К книге
Царь. Книга 2Глава 3
14%
Глава 3
3

Как только за Шуйским и Овчиной сомкнулись тяжёлые, окованные железом створы дверей, отсекая их от моего присутствия, я позволил себе на мгновение ослабить волю. Невидимый, стальной корсет, что сжимал моё тело, держал его в вертикальном положении и заставлял выглядеть незыблемым, на долю секунды растворился.

Я почувствовал, как волна дурноты, до этого сдерживаемая усилием воли, подкатывает к горлу, а ноги подкашиваются, превращаясь в ватные, непослушные жгуты. Мир перед глазами качнулся, расплываясь в мутное, пёстрое пятно, и я едва не рухнул вместе с креслом, вцепившись в его подлокотники побелевшими пальцами, как утопающий в последнюю щепку от своего корабля.

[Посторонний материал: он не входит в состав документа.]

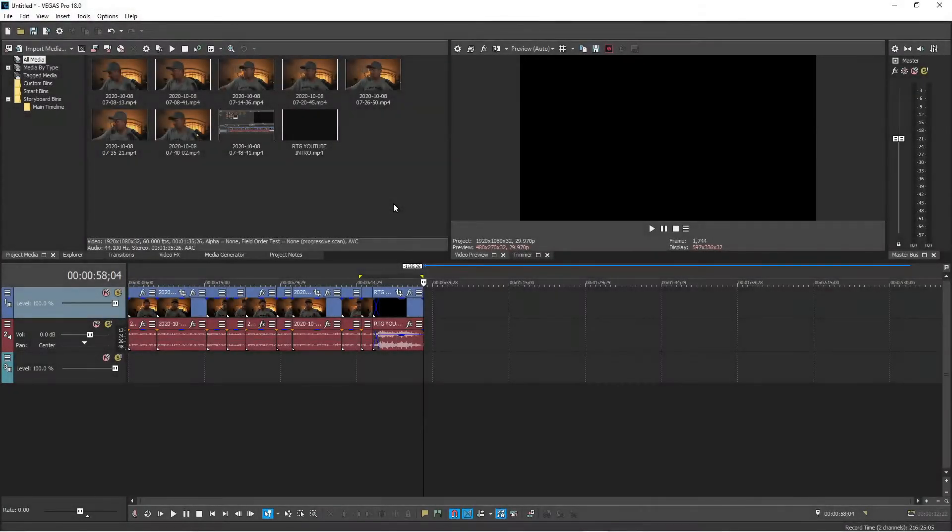Okay, let's go ahead and talk about how to activate QuickTime 7 within Vegas Pro so that you can render your projects with a transparent background. The first thing you need to do is go to Options.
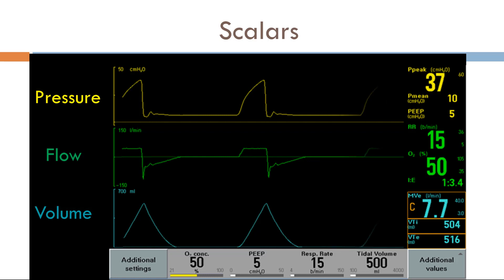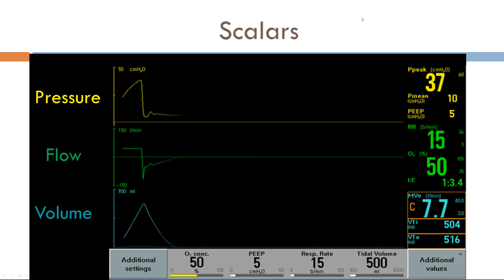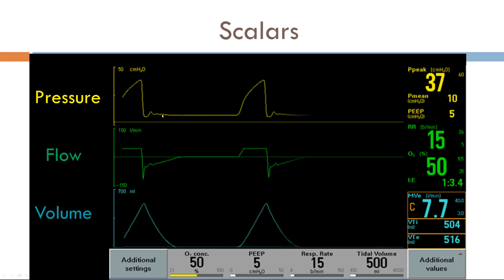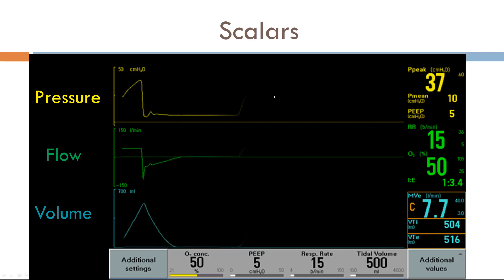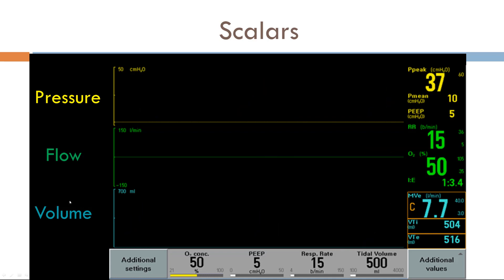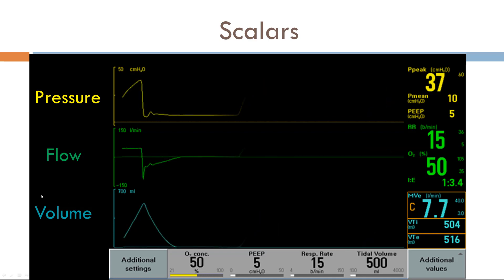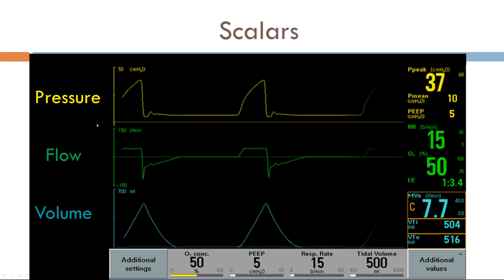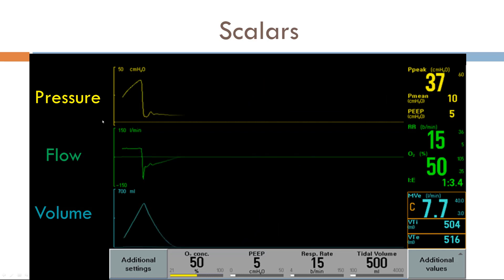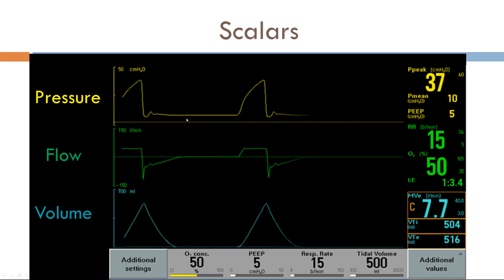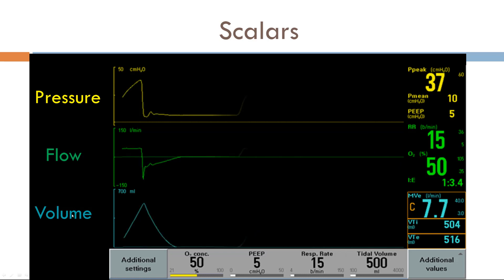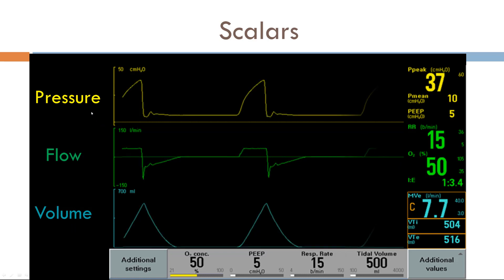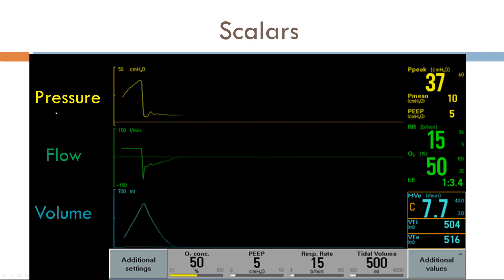When looking at a ventilator early on, people might get overwhelmed because as they see a single breath, they try to read up and down and interpret everything going on, but there's too much information. What I highly suggest is to read each scalar from left to right individually. Look at the pressure scalar and read it from left to right so you don't miss anything. Same goes for flow, same goes for volume. It's much better reading left to right compared to up and down.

— Государь! — прозвучал за спиной сдавленный, полный тревоги возглас. Шигоны, всё это время стоявший позади недвижной, но готовой к прыжку тенью, одним плавным, кошачьим движением метнулся ко мне, намереваясь подхватить, поддержать. На его обычно ничего не выражающем лице мелькнул неподдельный испуг.

— Даже не думай, — мой собственный голос прозвучал глухо и хрипло, но в нём была сталь. Я с трудом оторвал ладонь от резного дерева и властным, хотя и едва заметно дрогнувшим жестом остановил его порыв.

Собрав в кулак остатки воли, отогнав липкую, душную волну слабости, я заставил себя оттолкнуться от кресла и встать. Ноги, превратившиеся в чужие, деревянные колоды, нехотя повиновались. Мир всё ещё покачивался, но уже не грозил окончательно раствориться во тьме. Сделав первый, пробный шаг, я медленно, словно лунатик, двинулся в сторону своих покоев.

Обратный путь в опочивальню, растянулся в целую вечность и дался мне с трудом. Я шёл, вцепившись взглядом в дверной проём в дальнем конце анфилады, словно утопающий, что увидел спасительный берег.

Доковыляв до спальни, я приказал раздеть себя и без сил рухнул на постель. Я заставил себя сделать лишь пару глотков чуть тёплой воды, после чего провалился в сон — неглубокий, тревожный, рваный, больше похожий на забытьё, из которого я вынырнул через полчаса, чтобы выпить немного еды и снова погрузиться в вязкую, серую дремоту.

Я очнулся не от боли или очередного приступа дурноты, а просто открыл глаза в тишине и полумраке своей опочивальни. Мир больше не качался, не плыл и не грозил раствориться во тьме. Он обрёл прежнюю чёткость и твёрдость, став реальным в косых столбах обеденного света, что натужно пробивались сквозь мусковит.

Рядом с ложем, стоял Шигона. В его руках был неизменный поднос. Я сел, отметив, что мне почти не понадобилась помощь внутренней энергии. Ломота в теле, ещё три дня назад терзавшая каждый сустав, отступила, оставив после себя лишь лёгкую, даже приятную слабость. Голова была пуста и холодна, готова к новым замыслам.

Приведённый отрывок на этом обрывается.